• [Task item]
Each record is to be written out exactly as it appears.

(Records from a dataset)
•••••

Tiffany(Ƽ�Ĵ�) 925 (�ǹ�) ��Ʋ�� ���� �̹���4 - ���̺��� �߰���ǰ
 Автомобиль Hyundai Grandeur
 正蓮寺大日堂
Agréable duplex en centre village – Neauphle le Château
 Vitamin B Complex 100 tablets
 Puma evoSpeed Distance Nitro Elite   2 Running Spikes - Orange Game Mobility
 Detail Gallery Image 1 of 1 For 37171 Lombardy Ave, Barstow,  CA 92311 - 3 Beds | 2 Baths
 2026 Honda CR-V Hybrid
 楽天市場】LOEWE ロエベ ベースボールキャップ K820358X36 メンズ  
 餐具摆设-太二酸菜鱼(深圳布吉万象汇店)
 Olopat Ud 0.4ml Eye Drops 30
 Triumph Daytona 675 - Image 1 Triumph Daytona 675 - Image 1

•••••

• [Result of this task]
Tiffany(Ƽ�Ĵ�) 925 (�ǹ�) ��Ʋ�� ���� �̹���4 - ���̺��� �߰���ǰ
 Автомобиль Hyundai Grandeur
 正蓮寺大日堂
Agréable duplex en centre village – Neauphle le Château
 Vitamin B Complex 100 tablets
 Puma evoSpeed Distance Nitro Elite   2 Running Spikes - Orange Game Mobility
 Detail Gallery Image 1 of 1 For 37171 Lombardy Ave, Barstow,  CA 92311 - 3 Beds | 2 Baths
 2026 Honda CR-V Hybrid
 楽天市場】LOEWE ロエベ ベースボールキャップ K820358X36 メンズ  
 餐具摆设-太二酸菜鱼(深圳布吉万象汇店)
 Olopat Ud 0.4ml Eye Drops 30
 Triumph Daytona 675 - Image 1 Triumph Daytona 675 - Image 1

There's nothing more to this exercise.